[Recorded data]

= = = = = = =

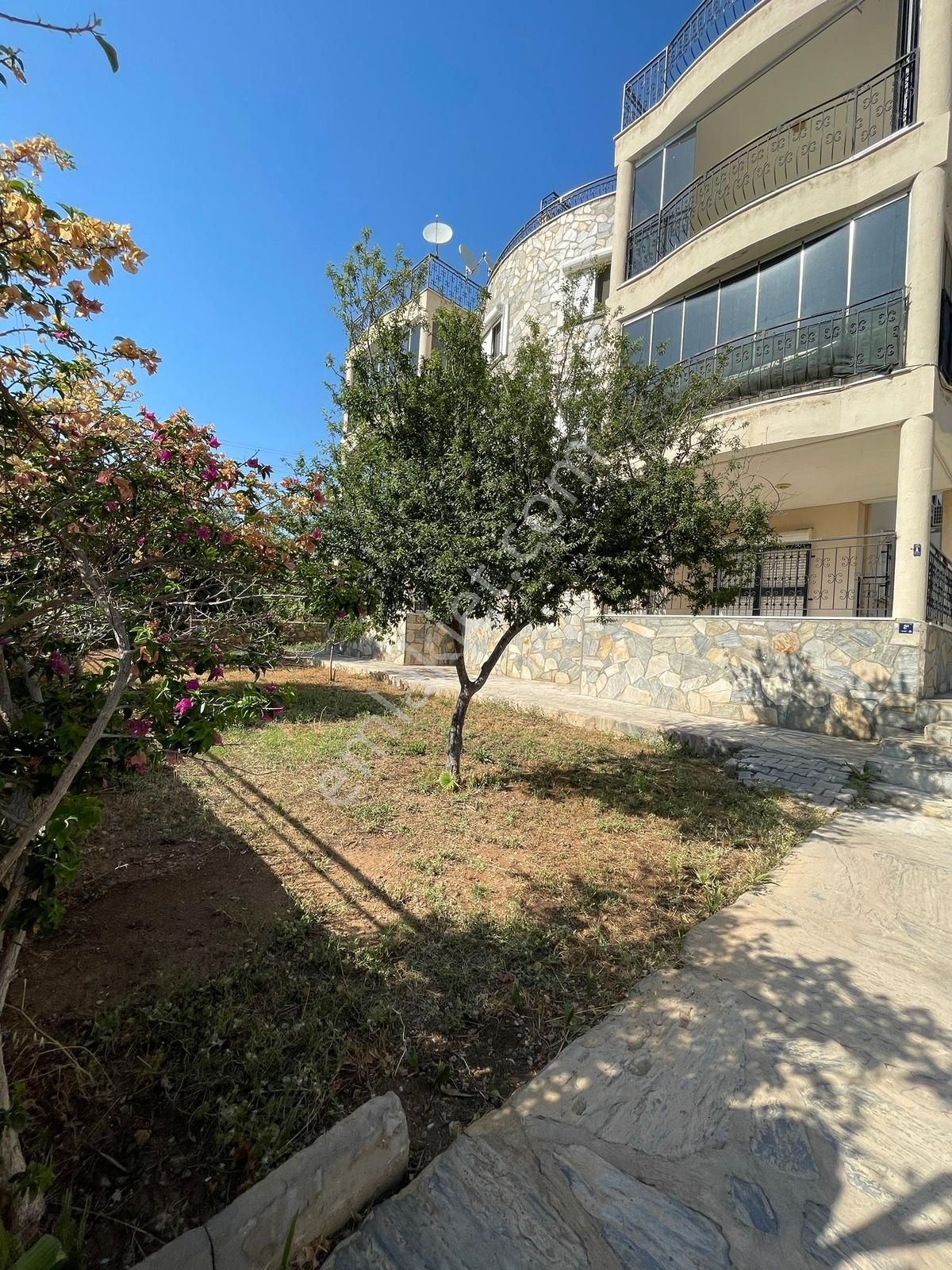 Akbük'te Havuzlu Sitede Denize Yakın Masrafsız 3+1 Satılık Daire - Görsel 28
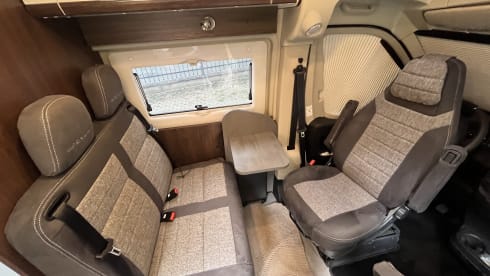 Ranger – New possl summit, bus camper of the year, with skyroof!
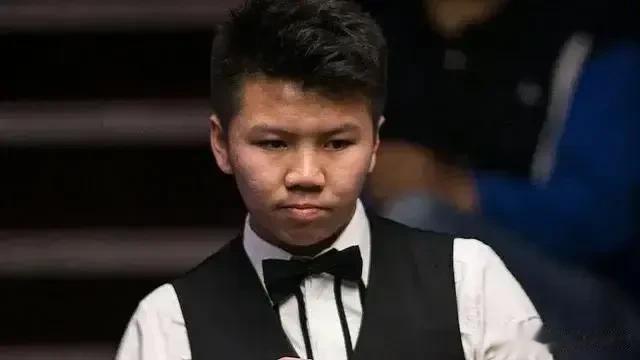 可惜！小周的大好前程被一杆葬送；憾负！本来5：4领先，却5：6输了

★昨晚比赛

= = = = = = =

[To do] Leave the pictures out. Otherwise, output the listing above exactly.

[Solution below]
 Akbük'te Havuzlu Sitede Denize Yakın Masrafsız 3+1 Satılık Daire - Görsel 28
 Ranger – New possl summit, bus camper of the year, with skyroof!
 可惜！小周的大好前程被一杆葬送；憾负！本来5：4领先，却5：6输了

★昨晚比赛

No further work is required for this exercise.